ABSTRACT

In this second chapter we begin to address some of the central themes of the book by exploring Marx on the classical world. Marx’s early studies (long before he and Engels delineated the ‘materialist conception of history’) were on Epicurus and Democritus, and his classical education was revealed across the entirety of his work. He often used classical analogies and motifs, and both he and Engels were deeply informed by the histories of Greece and Rome as well as their cultural forms. There are processes that we can observe in his early works on classical philosophy which look to be the genesis of his dialectical approach to history. There are also motifs and ideas that he would later redevelop or discard. Social theorists and analysts have generally agreed that these writings inform the emergence of later Marxist conceptions of nature and politics. But the classical analogies of Marx and Engels also reveal something else: that epochs re-emerge with similar patterns of elevation and cancellation, and that it is almost impossible to think about social theory without the re-emergence of motifs like the ghost of Achilles.
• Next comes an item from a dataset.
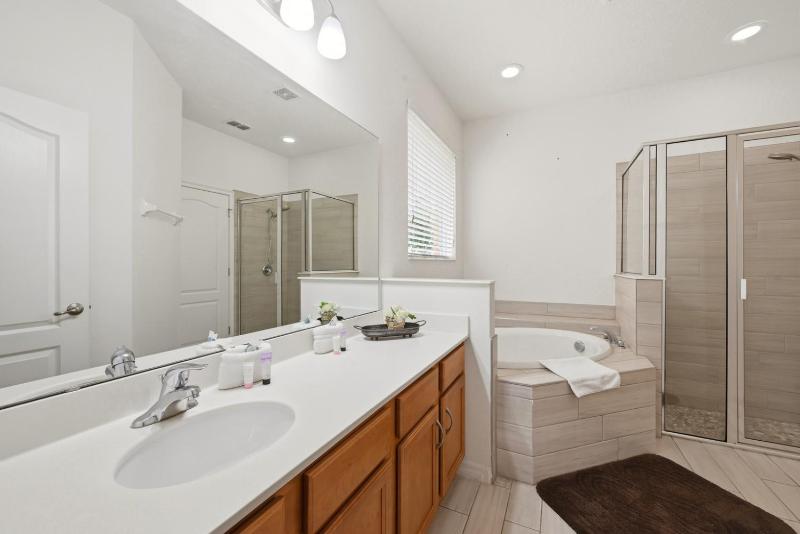 Modern 6BRPoolVilla wHotTub &GameRoom Near Disney - image 6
We can reframe the Marxist social theory of writers like Thomson and De Ste. Croix by examining ideas of the multitude, the chorus and the idea of ‘world’ that seemed trivial to later scholars but are in fact decisive in understanding both Marx and the fate of contemporary social theory. If Ovid, is the ‘celebrant of a happy modernity’ of metamorphoses, as Richard Jenkyns has said (2015:246), then Marx uses the classics to announce a metamorphosis of rupture and departure in modernity. Marx stands between worlds on the fracture between epochs and, like Cassandra, between the worlds of the living and the dead.